Dalam kekosongan hukum melakukan perlawanan atau upaya hukum terhadap setiap putusan MKRI aquo diperkuat oleh Pasal 47 UU MKRI yang menyatakan bahwa putusan Mahkamah Konstitusi memperoleh kekuatan hukum tetap sejak selesai diucapkan dalam sidang pleno terbuka untuk umum, maka tidaklah mudah untuk membatalkannya.
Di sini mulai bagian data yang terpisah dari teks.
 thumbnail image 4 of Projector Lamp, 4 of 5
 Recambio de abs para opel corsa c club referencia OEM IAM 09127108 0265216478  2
Namun demikian, di dalam Putusan MKRI Nomor 90/PUU-XXI/2023 terdapat bukti permulaan yang cukup terjadi tindak pidana nepotisme yang secara tegas dilarang dan diancam dengan sanksi pidana selama-lamanya 12 tahun, sehingga alasan pembatalan putusan aquo secara hukum kuat dan memadai serta sesuai dengan nilai-nilai keadilan yang berkembang dalam masyarakat masa kini. Dan dalam keadaan kekosongan hukum tersebut maka adagium yang menyatakan bahwa ada benarnya adagium bahwa jika hakim dihadapkan kepada pertentangan antara kepastian hukum dan keadilan, hakim wajib mendahulukan keadilan.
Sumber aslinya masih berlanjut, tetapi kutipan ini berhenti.